La transmission universelle de patrimoine
Il existe un autre mécanisme dont les conséquences à cet égard sont similaires : il s’agit de la transmission universelle de patrimoine (« TUP »). Il s’agit d’une forme de fusion entre deux sociétés dont l’une détient 100 % du capital de l’autre qu’elle va pouvoir absorber par simple dissolution. La jurisprudence considère que la société qui absorbe le patrimoine d’une autre via une « TUP » vient activement et passivement au lieu et place de la société absorbée. Par conséquent, les créances et les dettes sont automatiquement transférées à la société absorbante, y inclus la dette RC.
Dans une affaire récente, un client avait adhéré à un contrat d’assurance de prévoyance de groupe par l’intermédiaire d’un courtier A.

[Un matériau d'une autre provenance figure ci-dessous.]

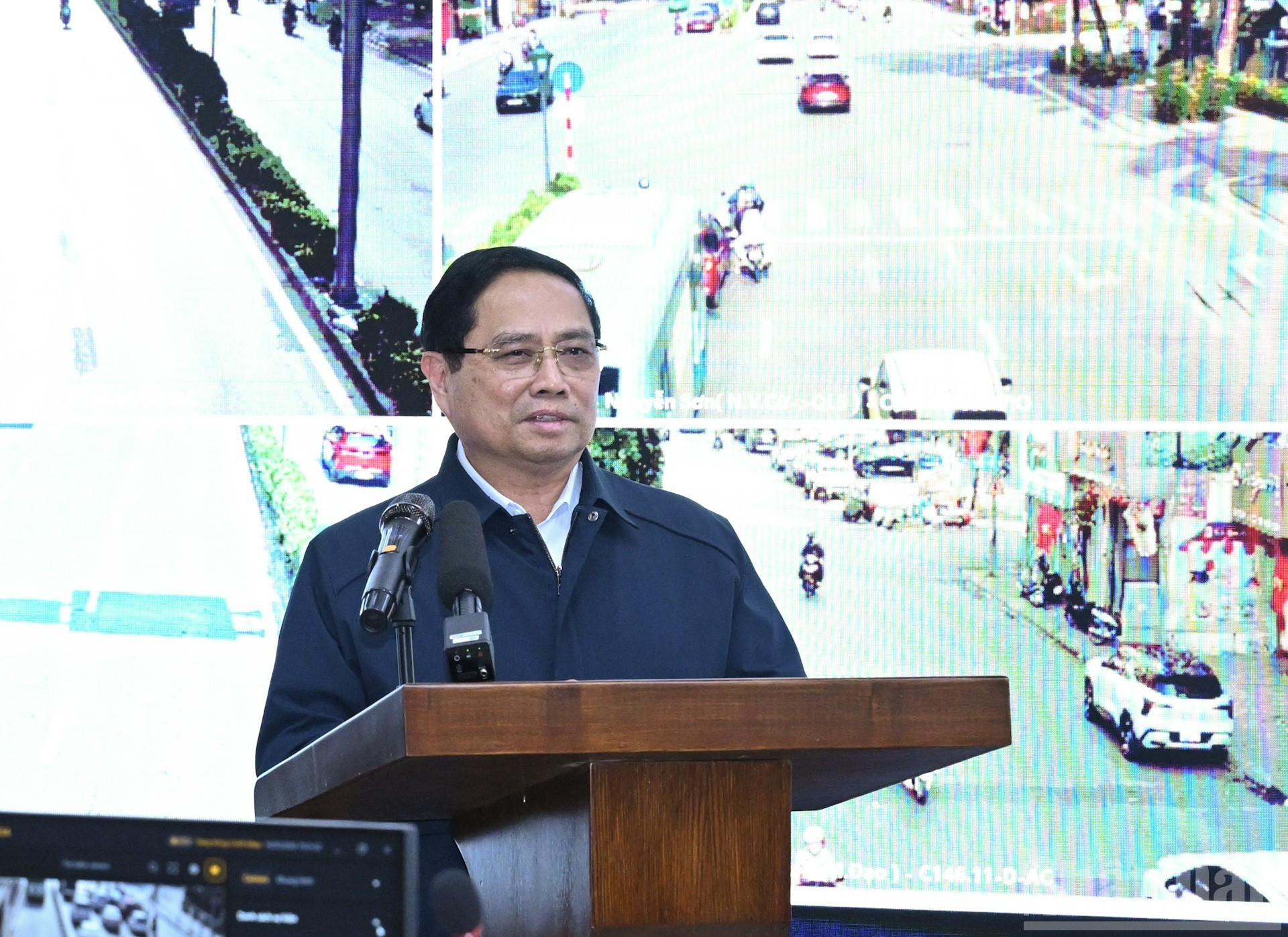 Minh Chinh habla en el evento.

En avril 2010, le courtier A cède son portefeuille à un autre courtier B (convention prévoyant une clause de reprise du passif par le cessionnaire). En décembre 2010, suite à une opération, l’assuré fait l’objet d’un arrêt de travail pour lequel aucune indemnité journalière ne lui a été versée par l’assureur, motif pris qu’il n’avait pas déclaré la réalité de son état de santé. En août 2011, le courtier B a été absorbé par un courtier C dans le cadre d’une transmission universelle de patrimoine. L’assuré ayant contesté auprès de la compagnie avoir signé le questionnaire de santé assigne en 2014 l’assureur qui à son tour assigne le courtier C en raison des prétendus manquements commis par le courtier A.
Alors même que le courtier A existe toujours (contrairement au courtier B dont la personnalité morale a disparu par l’effet de la TUP) c’est donc le courtier C qui devra assumer, si sa responsabilité est retenue par les magistrats, les conséquences financières de la faute commise par le courtier A.
Cet exemple illustre le caractère aggravant en terme de responsabilité pour le courtier cessionnaire de l’effet conjugué d’une cession de portefeuille de contrats et d’une transmission universelle de patrimoine. La croissance externe doit donc être maitrisée par les courtiers qui souhaitent la pratiquer…
Si la cession de droits sociaux peut s’avérer incolore pour l’assureur qui porte le risque RC de la société cédée, l’acquéreur doit garder à l’esprit les incidences de la survivance de la couverture RC professionnelle de la société absorbée.
En effet, si l’acquéreur des parts sociales ou la société absorbante disposaient par ailleurs d’une couverture RC souscrite auprès d’un autre assureur, ils risquent de se retrouver confrontés à un potentiel cumul de couverture sur un même risque dès lors qu’un sinistre surviendrait postérieurement à la cession mais dont la RC incomberait à la société acquise ou absorbée.
Quelle qu’en soit la motivation (notamment lorsqu’elle s’inscrit dans le cadre d’une croissance externe) et la nature de l’activité d’intermédiation envisagée, une cession, qu’elle porte sur un portefeuille ou sur les droits sociaux d’une structure concurrente, doit être parfaitement appréhendée et formalisée. De ce calibrage va dépendre la pertinence de la couverture RC souscrite sur ce risque et l’anéantissement d’une éventuelle insécurité juridique qui ne se révèlerait qu’à l’occasion d’une mise en cause. L’assureur de RC professionnelle doit donc être tenu informé des dispositions de l’acte de cession pour anticiper une adaptation de la couverture et éviter ainsi des déconvenues.